──────── Provided records ────────

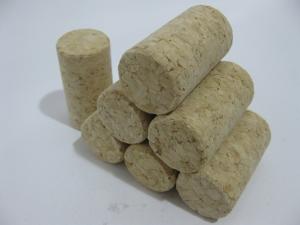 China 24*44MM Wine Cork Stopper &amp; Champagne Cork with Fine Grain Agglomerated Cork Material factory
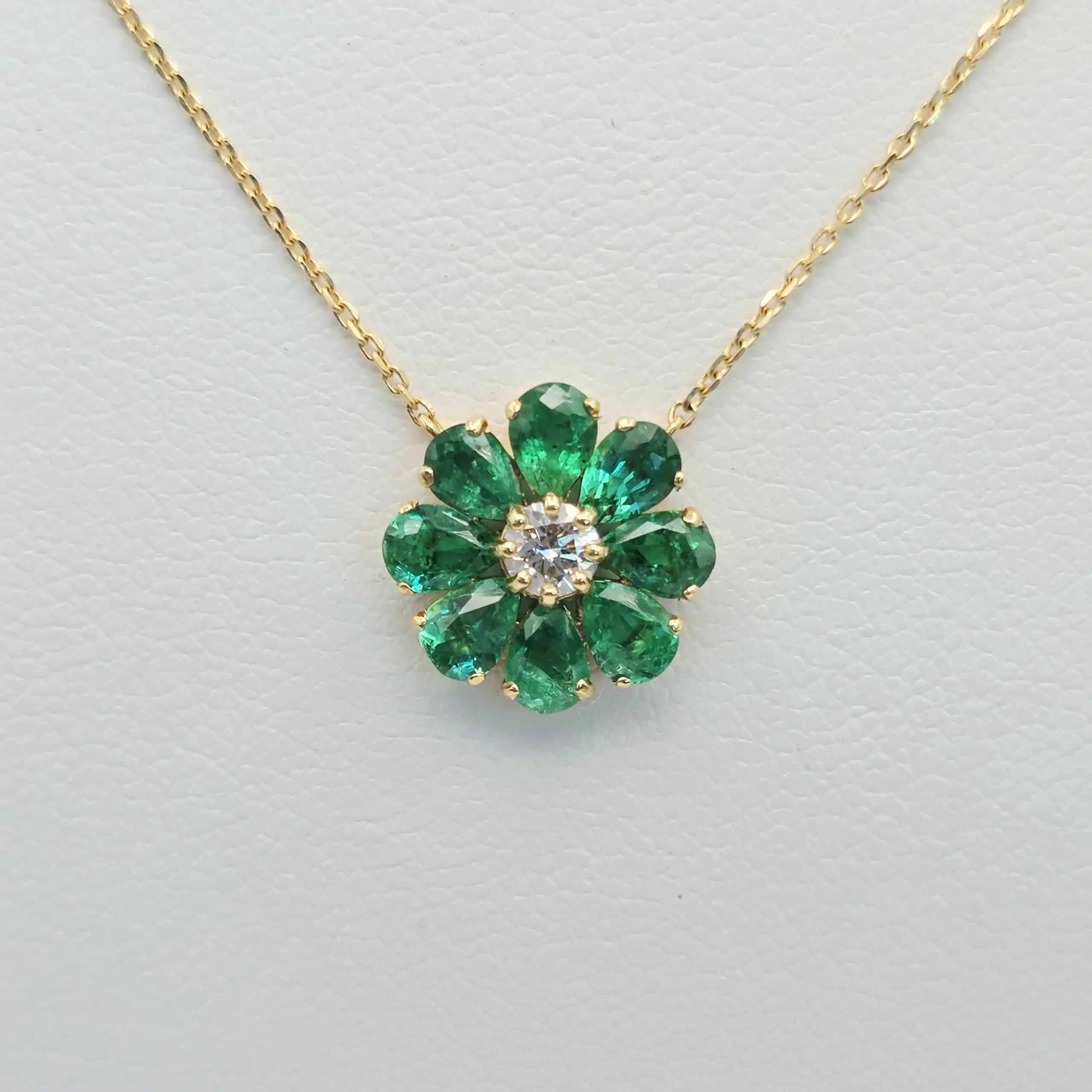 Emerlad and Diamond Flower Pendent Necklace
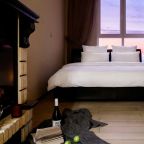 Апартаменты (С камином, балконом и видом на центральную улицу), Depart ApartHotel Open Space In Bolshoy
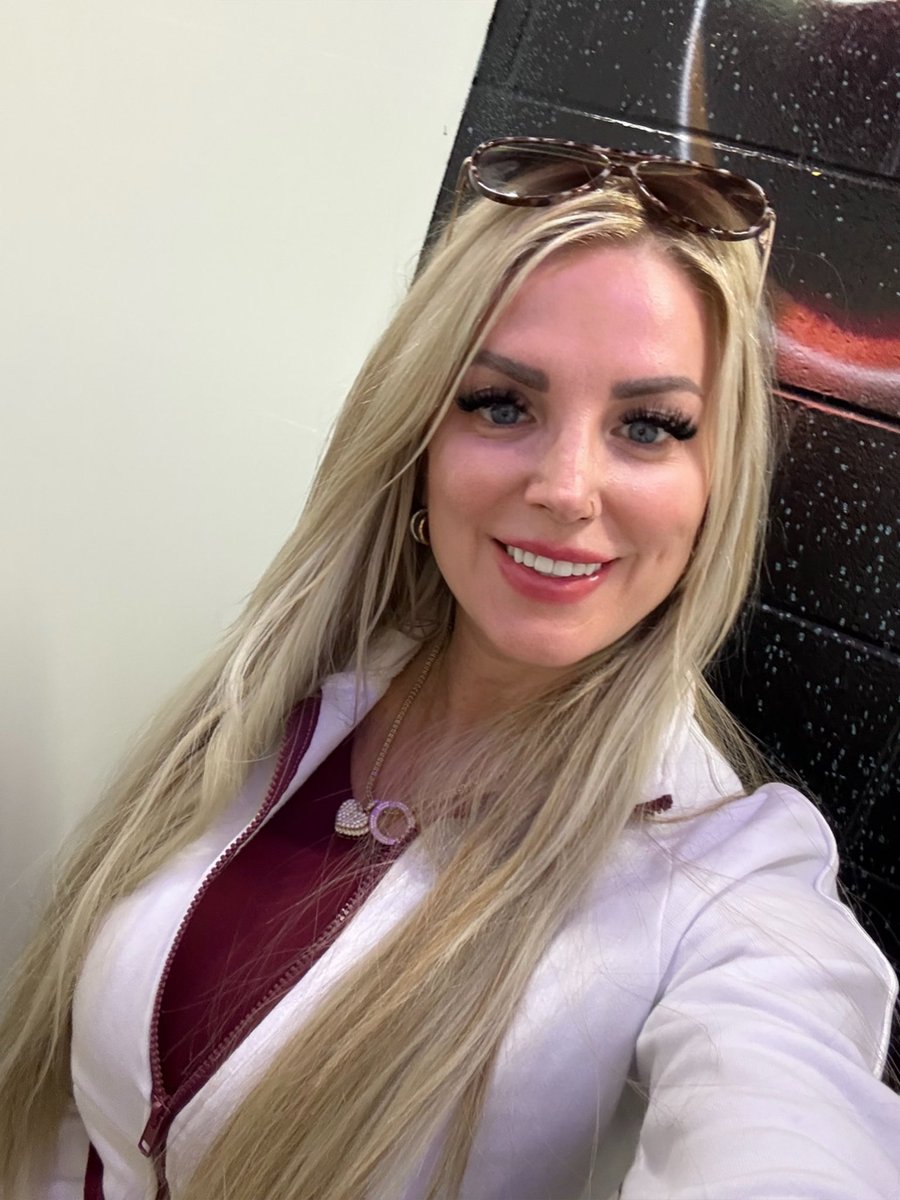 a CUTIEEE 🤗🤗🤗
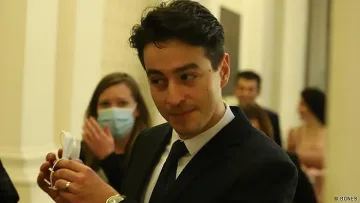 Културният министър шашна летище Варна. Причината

────────
──────── Provided records ────────

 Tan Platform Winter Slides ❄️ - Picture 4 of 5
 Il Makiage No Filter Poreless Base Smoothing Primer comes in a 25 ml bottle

────────
──────── Provided records ────────

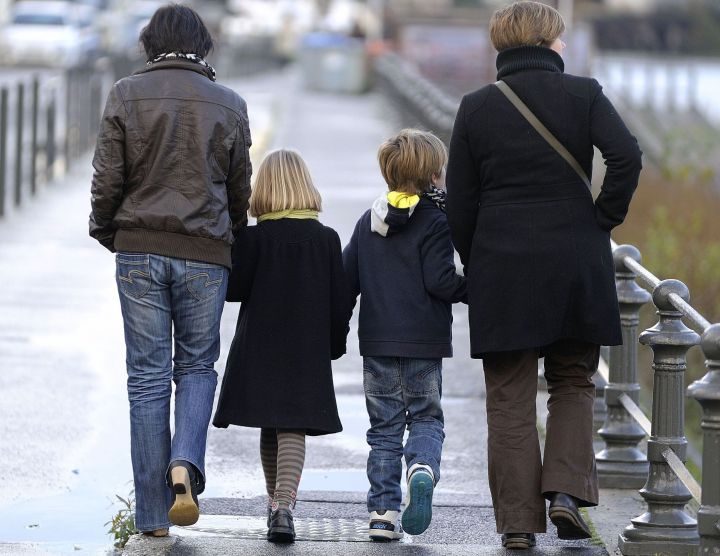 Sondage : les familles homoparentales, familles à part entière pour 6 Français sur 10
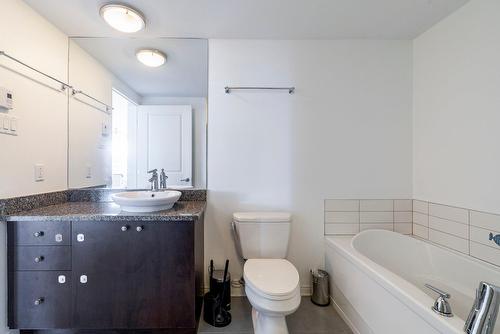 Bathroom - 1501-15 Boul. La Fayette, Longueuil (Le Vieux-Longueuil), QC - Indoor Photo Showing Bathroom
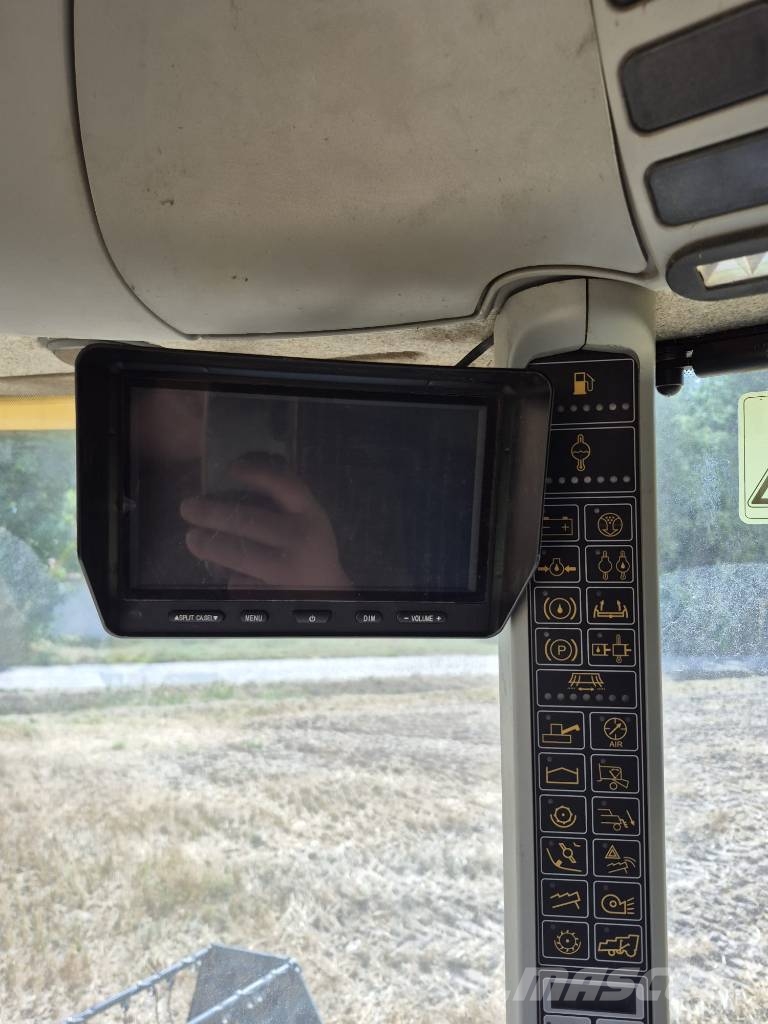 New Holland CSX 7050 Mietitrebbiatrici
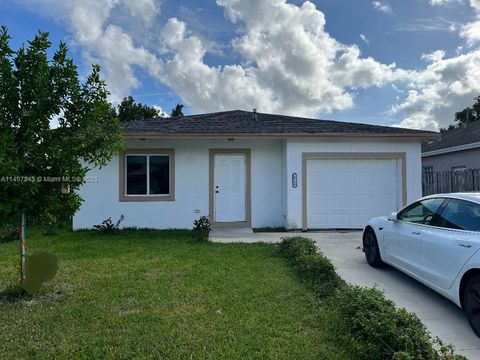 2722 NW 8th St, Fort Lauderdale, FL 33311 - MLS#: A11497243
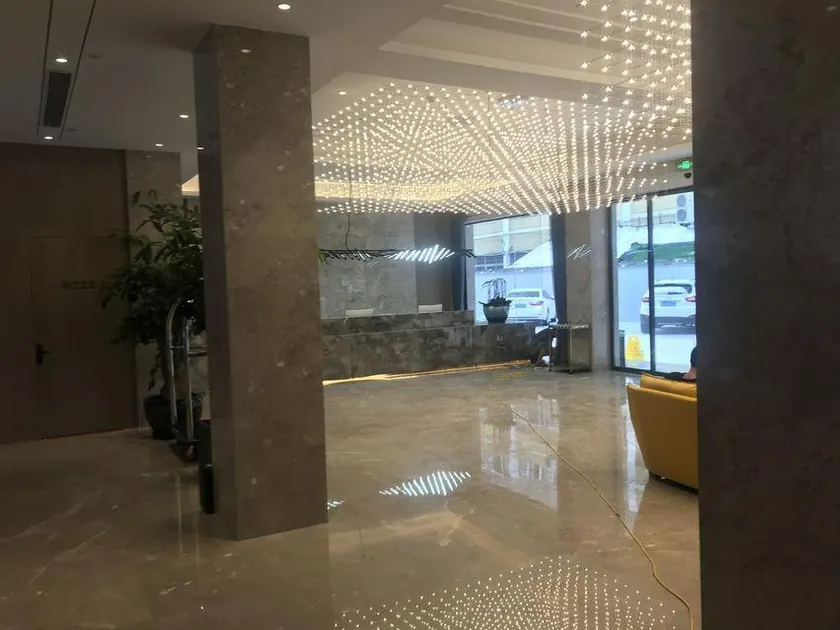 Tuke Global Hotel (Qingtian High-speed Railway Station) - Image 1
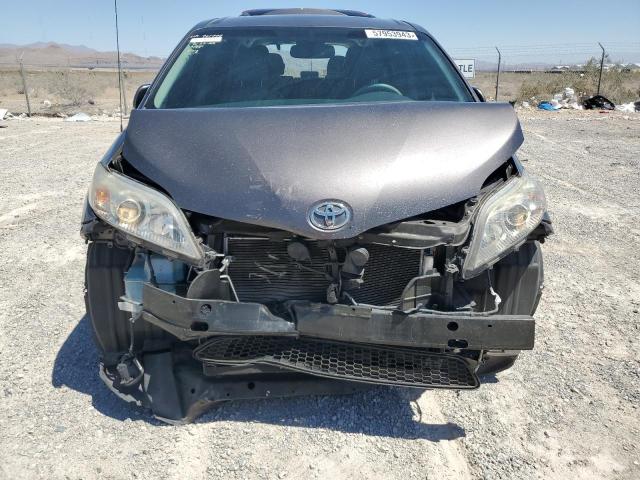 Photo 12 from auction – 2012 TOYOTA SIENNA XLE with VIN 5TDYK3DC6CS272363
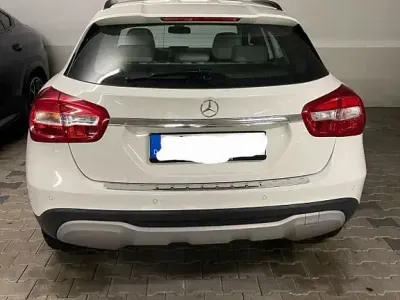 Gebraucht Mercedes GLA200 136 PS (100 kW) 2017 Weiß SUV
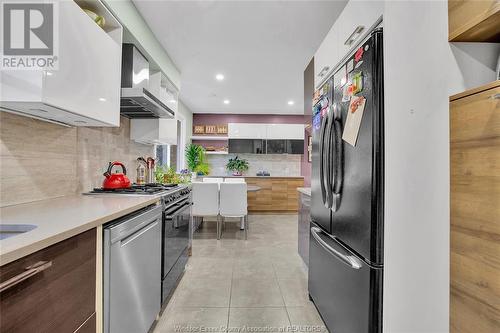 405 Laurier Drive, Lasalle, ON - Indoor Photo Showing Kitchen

────────

§ Exercise directions: The material above holds pictures; leave them out and set down exactly the lines from the line with "Апартаменты (С камином, балконом" to the line with "Културният министър шашна", both included.

§ Final answer:
 Апартаменты (С камином, балконом и видом на центральную улицу), Depart ApartHotel Open Space In Bolshoy
 a CUTIEEE 🤗🤗🤗
 Културният министър шашна летище Варна. Причината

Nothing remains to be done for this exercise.